Many veterans qualify for a number of these demographic risk factors prior to their admission to the military. The factors most significant in differentiating severities of traumatic brain injury include acute injury characteristics such as duration of unconsciousness and amnesia as well as neurological status in areas of motor function, verbal responding, and response to external commands and stimuli.8

Neuropsychological and emotional sequelae or effects after TBI germane to post-concussive syndrome include the following:

  1. Disorientation and confusion.
  2. Attention, concentration, and processing speed deficits.
  3. Short-term memory deficits.
  4. Executive functioning deficits.
  5. Fatigue and lethargy, lack of motivation.
  6. Sleep disturbance.
  7. Delayed motor/verbal responses.
  8. Language/communication deficits.
  9. Substance abuse.
  10. Depression.
  11. Irritability and aggression.
  12. Impulsivity.
  13. Problems with balance
  14. Headaches and chronic pain.
  15. Impaired hearing and vision
  16. Sensitivity to light and noise
  17. Difficulties in word finding
  18. Personality changes
  19. Social isolation

Recent studies of Army soldiers specify that most brain injuries are mild in severity and blasts were by far the most common mechanism of injury (88%).9 Researchers concluded that TBI may result from primary, secondary or tertiary effects of blast exposure which refer to the direct effects and injuries of the blasts.10

Chronic traumatic encephalopathy (CTE) has become popular in the literature of athletic concussions, and this type of brain injury may also be related to veterans with a history of multiple concussions or subconcussive blows to the head.

Importantly, blast exposed veterans report higher levels of PTSD than those with non-blast mild traumatic brain injuries, and therefore a history of polytrauma is common in many veterans exposed to Middle East war related combat.11

DSM-5 and TBI

The DSM-512 added a mild neurocognitive disorder associated with traumatic brain injury diagnosis which is caused by an impact to the head or other mechanisms of rapid movement or displacement of the brain in the skull as can happen with blast injuries. The mild neurocognitive disorder diagnosis includes primarily evidence of modest cognitive decline from a previous level of performance in one or more cognitive domains (complex attention, executive function, learning and memory, language, perceptual-motor, or social cognition) based on concern of the individual, a knowledgeable informant, or the clinician that there has been a mild decline in cognitive function; and a modest impairment in cognitive performance, preferably documented by standardized neuropsychological testing or, in its absence, another quantified clinical assessment. The cognitive deficits do not interfere with capacity for independence in everyday activities (i.e., complex instrumental activities of daily living such as paying bills or managing medications are preserved, but greater effort, compensatory strategies, or accommodation may be required).

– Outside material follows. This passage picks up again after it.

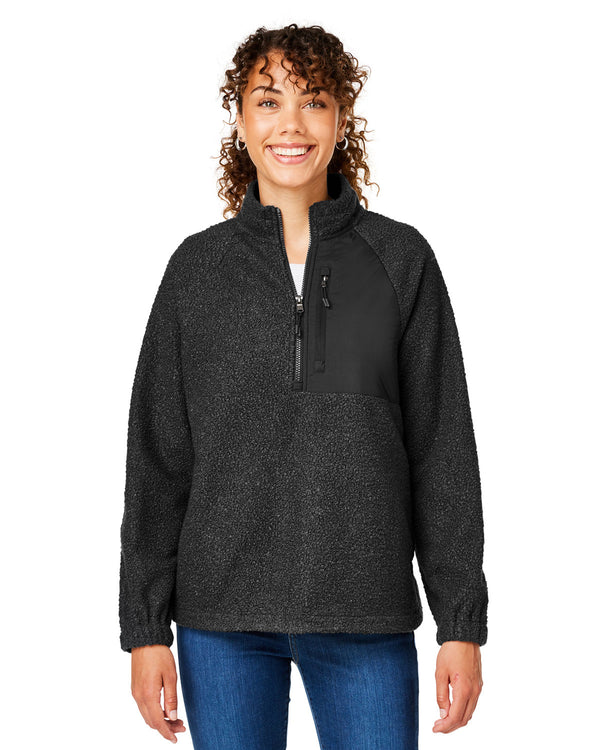ladies aura sweater fleece quarter zip BLACK/ BLACK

In contrast, major neurocognitive disorder is characterized by a significant decline from a previous level of performance and the cognitive deficits must result in a need for assistance with complex instrumental activities of daily life, such as paying bills or managing medications, or otherwise interfere with independence.

Prevalence of PTSD in Veteran Populations

The psychiatric condition of PTSD has long been a significant hallmark of the psychological effects of war. War related PTSD includes a history of witnessing and/or experiencing traumatic events that led to several cognitive, emotional, and behavioral effects at the time of and following the traumatic event(s).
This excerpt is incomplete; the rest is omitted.